THE STREETS THAT RAISED ME

I wrote this piece for a college essay prompt, but I started to realize that I was feeling pretty sentimental about Cary and all this college stuff in general, so I wanted to put this out there: 


My hometown and I are dear old friends.
We fight, sometimes. We don’t always get along. There are times when we don’t speak. When I hole up in my room and I read or I watch a movie and try to forget that the world outside exists. But it eventually passes, and I miss the familiarity of my favorite restaurants and bookstores.
My hometown isn’t all that small, but I know every road like I know the back of my palm, down to each little pothole and street sign. I know where to go out to eat, and what I like to order there. I can calculate the distance between myself and nearest movie theater in a heartbeat. As a kid, I built castles in these woods and won colored ribbons in these swimming pools. I’m comfortable here. I’ve read books and written poetry and fallen in love within this suburban backdrop. Sometimes, I don’t want to leave, simply because I don’t know where I’ll end up.
There isn’t any cinematic cliff overlooking the city where I live, or a pier overlooking the ocean, or any other stargazing hotspot. In fact, not all that much is very unique about this place. But we have always tolerated each other’s shortcomings. My hometown has expanded as I’ve gotten older; we’ve grown up together.  Although there are times when all I want to do is get out, I have to give this town credit for providing me with a setting in which an incalculable number of beautiful, different things happened to me. The late night shifts at Harris Teeter. The swim meets that never ended. The two a.m. Waffle House breakfast. The midnight movie premieres. The long drives that took us all the way across town in the name of Cook-Out milkshakes. The snowfalls that stranded us in our homes for days, with only the company of tomato soup, films, and each other. The rainy high school football games I braved for yearbook photos and a free tie dye tee shirt. The people I came to know and love and trust because of all of this. 

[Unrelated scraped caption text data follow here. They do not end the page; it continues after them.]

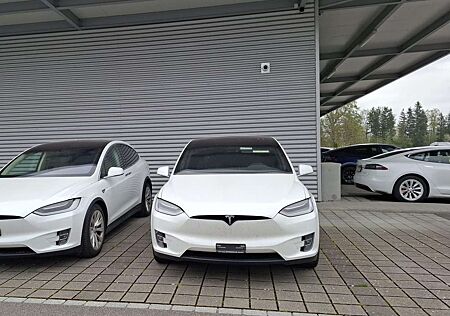Tesla Model X D90 Signature SCO1 Freesuper Charge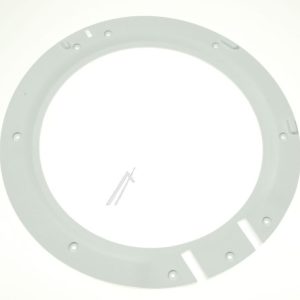 2851610100 C00869702 Cover posteriore porta BX nero Beko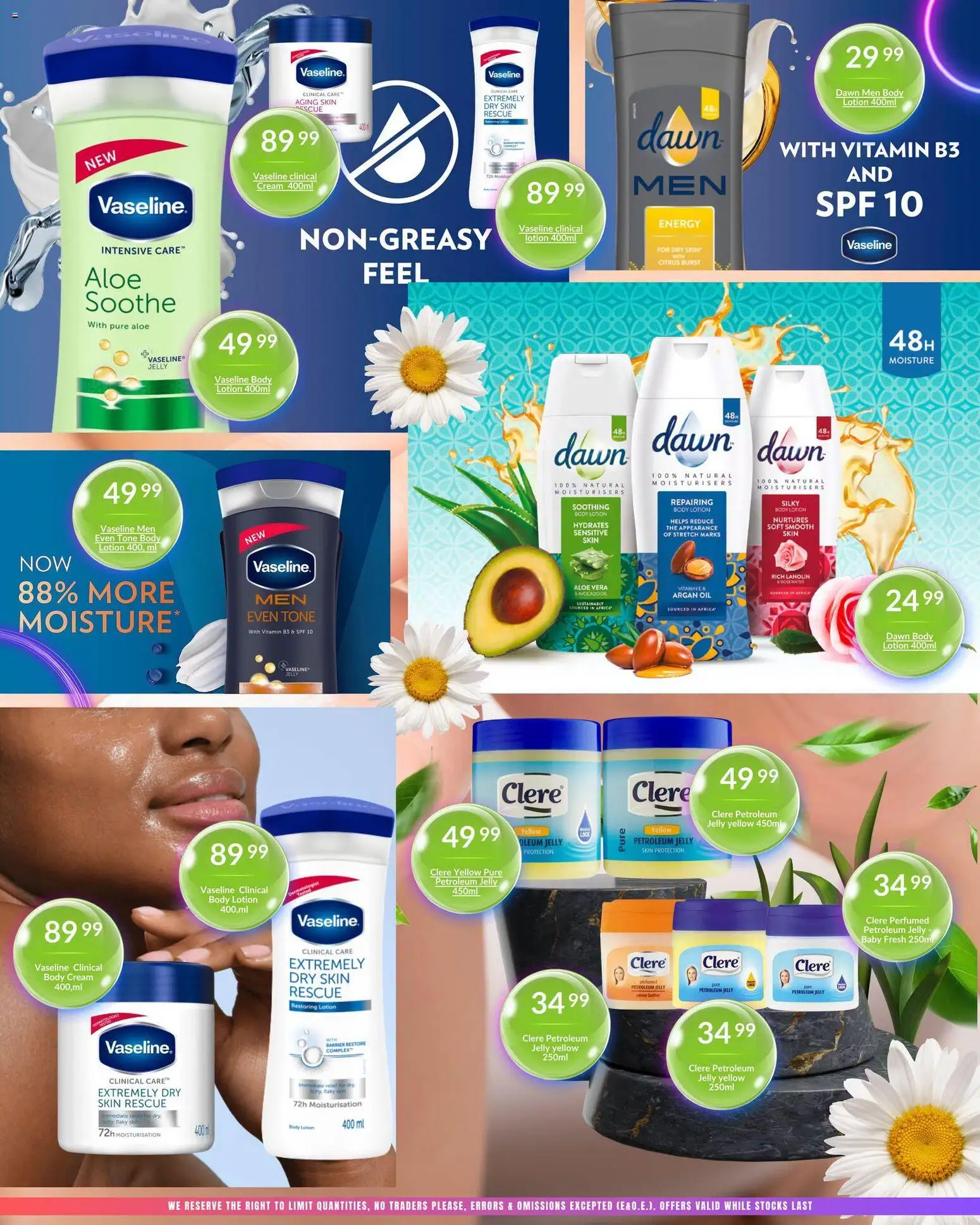 New Super Save catalogue – valid from 03/07/2026 | Page: 47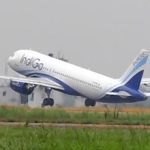 indigo airlines shivamogga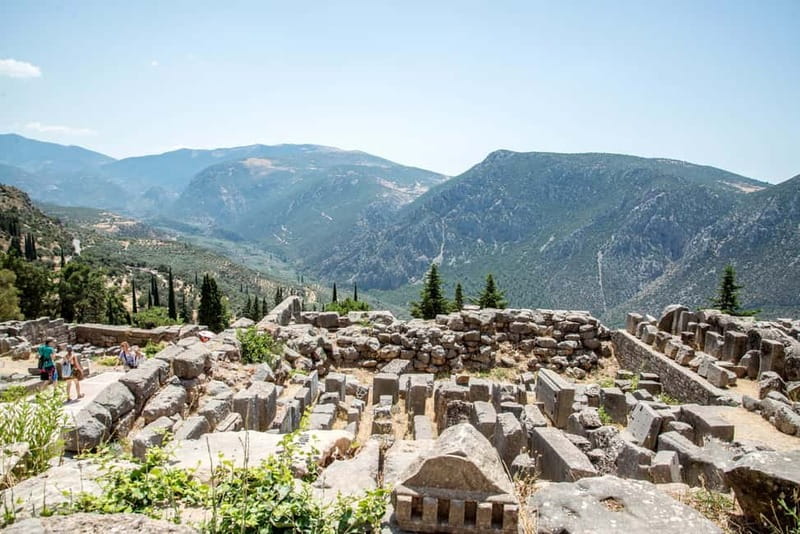 Athens: Delphi and Arachova Day Trip with Guide - Getting the day right: timing, pace, and the biggest make-or-break factors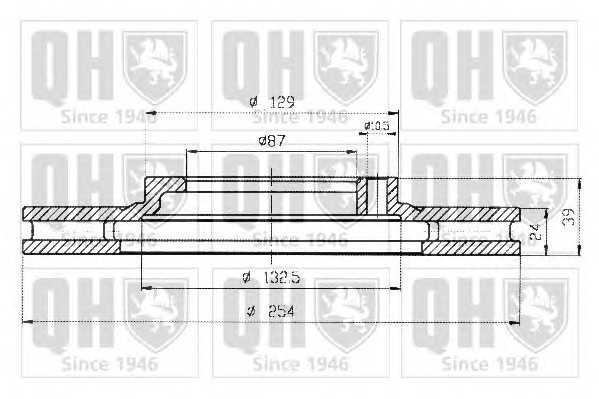 quintonhazell bdc4978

I love my hometown. I’m excited to leave, but I guess that’s just the way that it is. Eventually, you grow up. You have to move on. You don’t have much of a choice. Some friends stay with us forever, or at least for a while. But I can’t be seventeen forever, reflecting on all that this small town has offered to me. I’m going to have to move onto something new. Make friends with new places; fall in love with a different city or town. The comfort that I have always been able to find in my hometown has facilitated an optimism inside of me that will never burn out. My hometown and I are old friends. That will always be true. But if I leave and I don’t come back, my hometown will understand, and so will I.